= List of parliamentary constituencies of Barbados =

This is a list of the 30 constituencies currently represented in the Parliament of Barbados, as at the February 2013 general election. From 1971, each constituency has been represented by a single Member of Parliament (MP). The number of seats were increased from 28 to 30 just ahead of the 2003 elections.

==History==
After Barbados was settled by the Kingdom of England, a House of Burgesses was established to conduct the business of governance in the colony along with the Governor. From an early date, if not the beginning, there were two members of the House of Assembly for each parish; in 1843 two members were added for Bridgetown, bringing the total to 24 Members.
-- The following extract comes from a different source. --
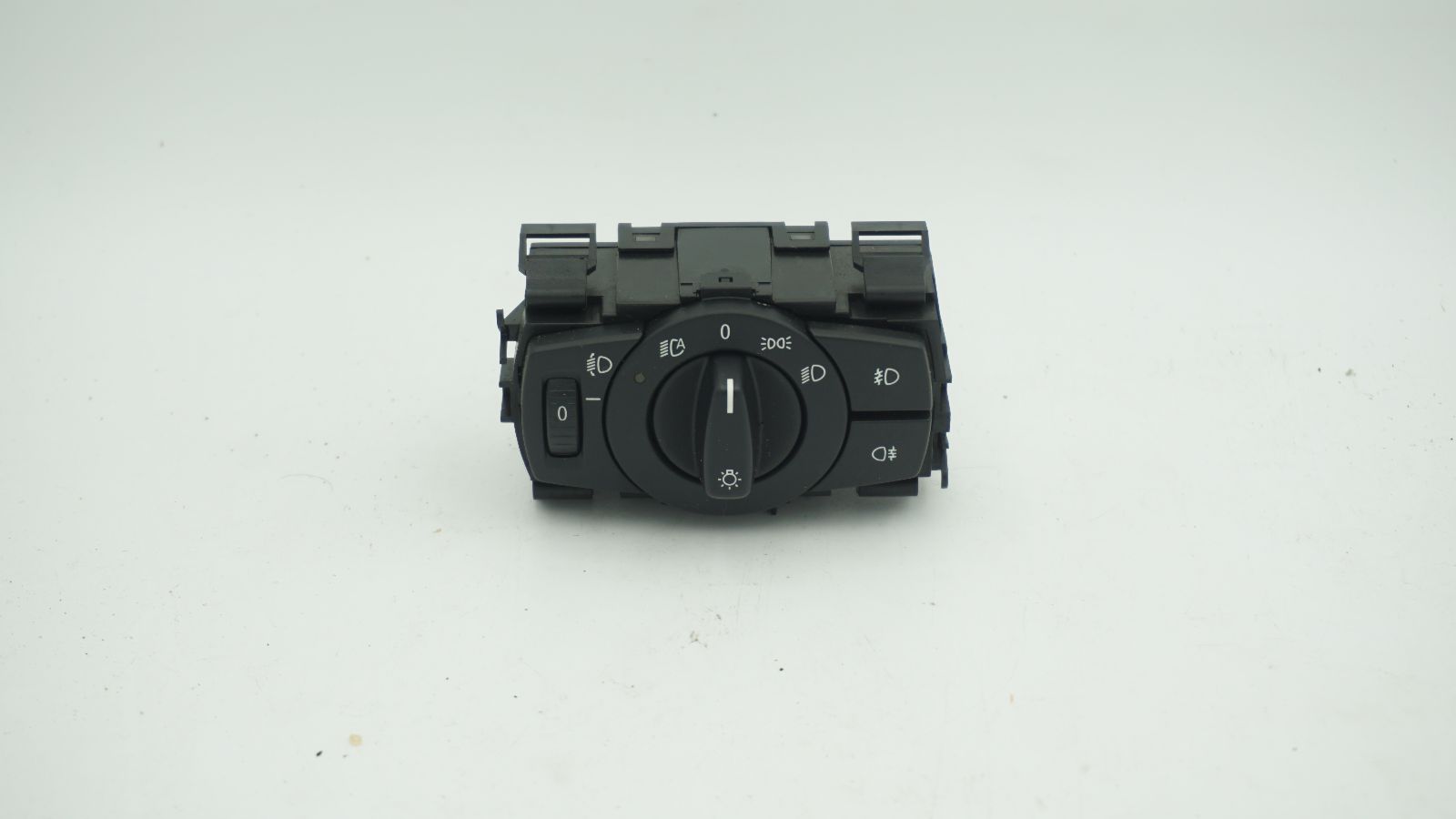 BMW 1 SERIES E82 E87 E88 HEADLIGHT SWITCH 6932792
In 1971 dual representatives for each constituency were abolished in favour of single seat ridings and the entire island was divided into 24 constituencies. In 1981 three more constituencies were created; thus bring the total to 27. By the election of 1991 a 28th was added, and finally ahead of the 2003 general election two more were added bringing the national total to 30. As of 2011 the Electoral and Boundaries Commission decided that no new constituencies would be needed. However, there was a subsequent call made by the media that St. Philip-South's population was now too large and was disproportionate to all other constituencies. Despite the call, Barbados held the 2013 elections without adding any new constituencies.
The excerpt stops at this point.